At Gavin’s Tuition, the centre has seen about 60 per cent of its student base taking classes online since Phase 1 of Singapore’s reopening last year, said Dr Ng.
“This time round, I think because of the rapport within our centre, we are very close to the parents and students. They are very cooperative. The moment we moved online, we announced to them, up to now, literally 100 per cent of our student base moved online. None of them actually feel that the online lessons are not effective,” he added.
His team has also built a mobile application to support parents in terms of logistics and monitoring their child’s curriculum.
Through online lessons, teachers can typically only deliver audiovisual aspects of a lesson, said Dr Ng. “What the parents are concerned about is the semantic portion – whereby are they able to understand as well as if they have physical lessons.”
The team is planning to put together home kits for their students to aid in their learning, he added. For example, Primary 4 or 5 students may receive a set of wires, switches and other materials to learn about electric circuits from home.
As for EduFirst Learning Centre, which sees students from pre-primary to secondary school, most parents were receptive to online learning, said Ms Choong.
“For the younger kids, parents would prefer to stop. For the older ones, so far, the take-up rate is around 70 to 80 per cent.”

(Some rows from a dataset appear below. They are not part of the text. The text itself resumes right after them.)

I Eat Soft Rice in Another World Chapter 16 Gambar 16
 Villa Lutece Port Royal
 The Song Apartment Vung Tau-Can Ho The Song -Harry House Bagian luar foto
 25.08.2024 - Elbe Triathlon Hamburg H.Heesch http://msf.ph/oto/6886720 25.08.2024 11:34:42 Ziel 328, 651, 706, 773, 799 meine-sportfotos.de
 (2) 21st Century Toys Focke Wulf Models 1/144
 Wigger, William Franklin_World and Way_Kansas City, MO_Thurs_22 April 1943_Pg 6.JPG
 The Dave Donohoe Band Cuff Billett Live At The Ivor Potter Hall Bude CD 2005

“For younger kids, their attention span is quite short. For them, the physical interaction is very important, to touch, to feel, to see,” she added.
“There are some (children) who are quite good, they can listen to instructions, they can stay focused on the screen, But most of them, they will wander off after a while.”
Overall, however, most parents were receptive to continuing lessons online because they are more concerned about their child’s safety, said Ms de Silva. Just one parent at her centre requested to defer lessons for the next two weeks and return in Term 3.
“You want to keep the momentum going. If you know that your child has difficulty concentrating online, or focusing online, then it’s a matter of effort on his part or a little bit of help from the parents as well to encourage them,” she told CNA.
Many students would have also just finished or are finishing their mid-year examinations, she added.
“The alternative is no class at all, which is not what we want to do at this stage, given that it will be essentially six weeks of no classes unless students join a holiday programme,” she added, noting that the centre has some holiday programmes designed to be held online.
At this point towards the end of the term, students are wrapping up and consolidating what they have learnt so far, said Ms de Silva. “To miss out on the last few lessons of the term, they would miss out on that consolidation.”